The product samples from examples 1-4 were tested for load stability at various temperatures, as shown in Table 1 and FIG. 3, for sample alloy testing versus the K test, with a 1000 + -50 μ ε load on a GH975 standard test beam.
TABLE 1
In table 1, each sample is divided into an upper column and a lower column at each temperature, the upper column is a strain value of the sample calibrated by loading a K value at each temperature, the lower column is a relative ratio K of the strain value of the sample at each temperature and the strain value of the sample at 200 ℃, as can be seen from table 1, the K value of the sample at 900 ℃ is more than 80%, the change degree of the strain is small, and the strain of the product cannot be too large when the product meets the condition of 900 ℃.
Product heat output repeatability tests were performed at various temperatures on product samples from examples 1-4, as shown in table 2 and fig. 4, for samples tested on GH975 alloy heat output, and on GH975 standard heat output test beam surfaces tested at 900 ℃ heat output dispersion of 49.7 μ ∈.
TABLE 2
Temperature of | 20℃ | 200℃ | 300℃ | 400℃ | 600℃ | 800℃ | 900℃ |
Sample 1 | -1 | -463 | 1341 | 3107 | 9045 | 15938 | 17931 |
Sample 2 | 0 | -500 | 1400 | 3300 | 8905 | 14887 | 17893 |
Sample 3 | -3 | -488 | 1544 | 3122 | 9021 | 15673 | 18001 |
Sample 4 | 2 | -502 | 1345 | 2989 | 9213 | 16022 | 17985 |
As can be seen from Table 2, the thermal output strain value of each sample at the same temperature is the strain value of the sample at each temperature, the error is small, the thermal output strain value is kept in a certain interval, and the sensitivity coefficient and the creep deformation cannot be changed too much.
The product samples obtained in example 1 were subjected to insulation strength tests at various temperatures as shown in table 3.
TABLE 3
As can be seen from Table 3, the adhesive layer formed by curing the surface mount adhesive at high temperature has an insulation strength of 80M omega after heat preservation for 1 hour at 900 ℃, which is much higher than 2M omega of common inorganic high-temperature adhesive, and ensures the stability of high-temperature test data at 900 ℃.

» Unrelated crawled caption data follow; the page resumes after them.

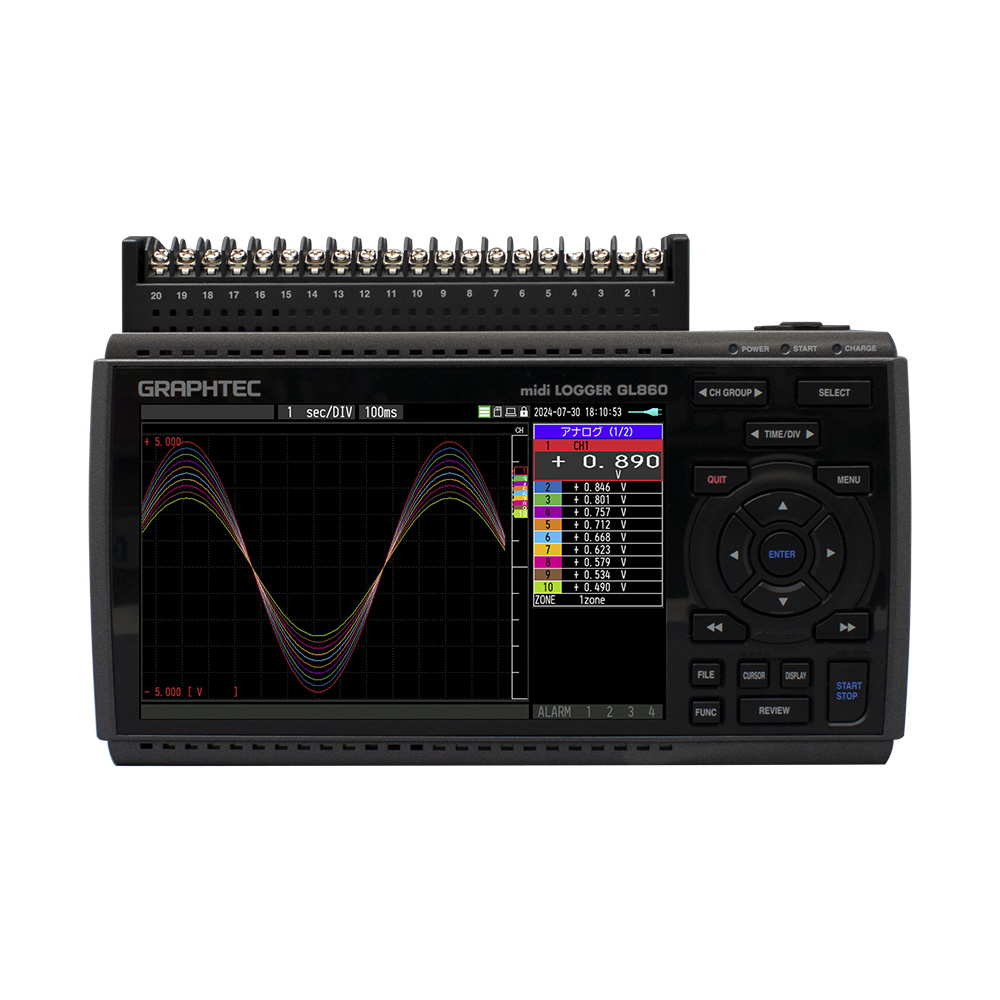 データロガー本体と20chネジ端子のセット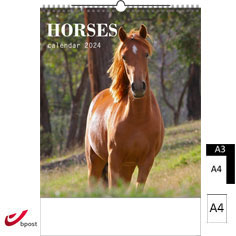 Calendrier publicitaire illustré 2024 Horses A4 A3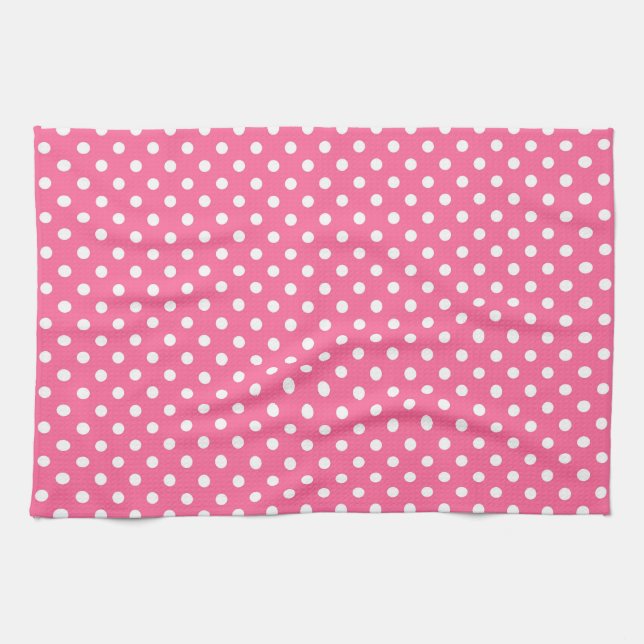 Pink White Polka Dots Design Geschirrtuch (Horizontal)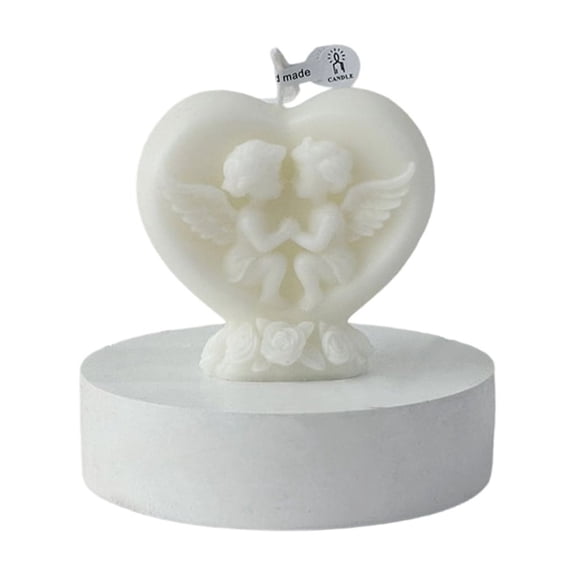 Soys Wax Decorative Candle for Meditations Stress Relief Table Decorations Photo Props Angel Heart Shape Scented Candle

The above-mentioned contents are only for illustrating the technical idea of the present invention, and the protection scope of the present invention is not limited thereby, and any modification made on the basis of the technical idea of the present invention falls within the protection scope of the claims of the present invention.
Claims (7)
1. The inorganic high-temperature adhesive plaster material is characterized by comprising, by mass, 40-72 parts of phosphate, 2-6 parts of a curing agent, 9-26 parts of an acid inhibitor and 4-20 parts of water.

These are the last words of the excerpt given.